Posted to users@kafka.apache.org by Christian Schuhegger <Ch...@gmx.de> on 2014/02/04 17:52:41 UTC

Kafka and no guarantee that every published message is actually received by the broker

Hello all,

I was reading in the following paper:

http://research.microsoft.com/en-us/um/people/srikanth/netdb11/netdb11papers/netdb11-final12.pdf

the following paragraph:

-- snip start --
There are a few reasons why Kafka performed much better. First,
the Kafka producer currently doesn’t wait for acknowledgements
from the broker and sends messages as faster as the broker can
handle. This significantly increased the throughput of the
publisher. With a batch size of 50, a single Kafka producer almost
saturated the 1Gb link between the producer and the broker. This
is a valid optimization for the log aggregation case, as data must
be sent asynchronously to avoid introducing any latency into the
live serving of traffic. We note that without acknowledging the
producer, there is no guarantee that every published message is
actually received by the broker.

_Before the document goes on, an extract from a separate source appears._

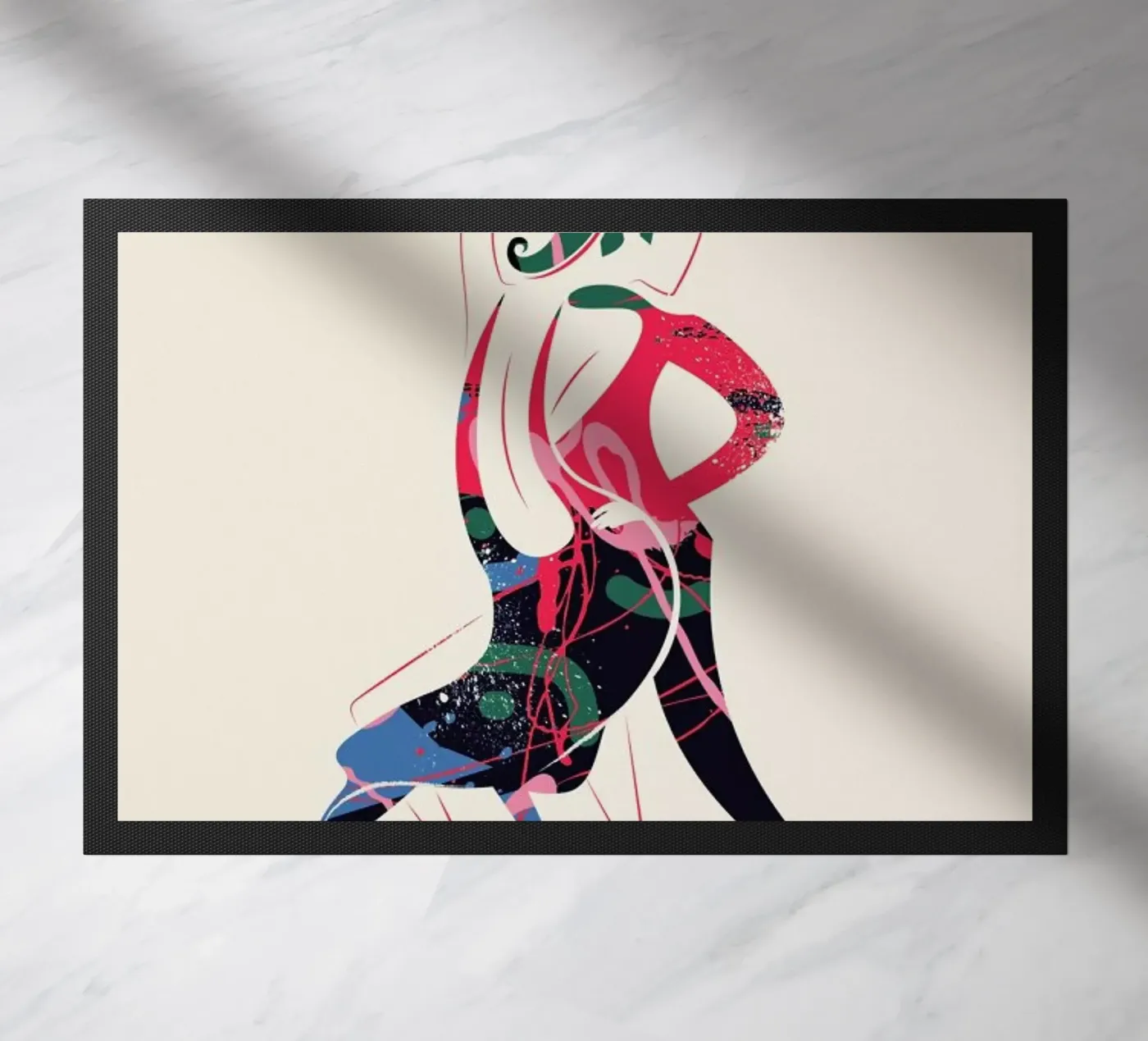 Dance Night doormat by Flora & Fauna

For many types of log data, it is
desirable to trade durability for throughput, as long as the number
of dropped messages is relatively small. However, we do plan to
address the durability issue for more critical data in the future.
-- snip end --

And I was wondering if this is still true or if the plans for the future 
as described above to address the durability issue for more critical 
data were realized?

Many thanks,
-- 
Christian Schuhegger

Re: Kafka and no guarantee that every published message is actually received by the broker

Posted by Neha Narkhede <ne...@gmail.com>.

We have added intra cluster replication to address the durability issue in
Kafka 0.8. You can read the latest on the design and guarantees here -
http://kafka.apache.org/documentation.html#semantics

Thanks
Neha


On Tue, Feb 4, 2014 at 8:52 AM, Christian Schuhegger <
Christian.Schuhegger@gmx.de> wrote:

> Hello all,
>
> I was reading in the following paper:
>
> http://research.microsoft.com/en-us/um/people/srikanth/
> netdb11/netdb11papers/netdb11-final12.pdf
>
> the following paragraph:
>
> -- snip start --
> There are a few reasons why Kafka performed much better. First,
> the Kafka producer currently doesn't wait for acknowledgements
> from the broker and sends messages as faster as the broker can
> handle. This significantly increased the throughput of the
> publisher. With a batch size of 50, a single Kafka producer almost
> saturated the 1Gb link between the producer and the broker. This
> is a valid optimization for the log aggregation case, as data must
> be sent asynchronously to avoid introducing any latency into the
> live serving of traffic. We note that without acknowledging the
> producer, there is no guarantee that every published message is
> actually received by the broker. For many types of log data, it is
> desirable to trade durability for throughput, as long as the number
> of dropped messages is relatively small. However, we do plan to
> address the durability issue for more critical data in the future.
> -- snip end --
>
> And I was wondering if this is still true or if the plans for the future
> as described above to address the durability issue for more critical data
> were realized?
>
> Many thanks,
> --
> Christian Schuhegger
>
>
>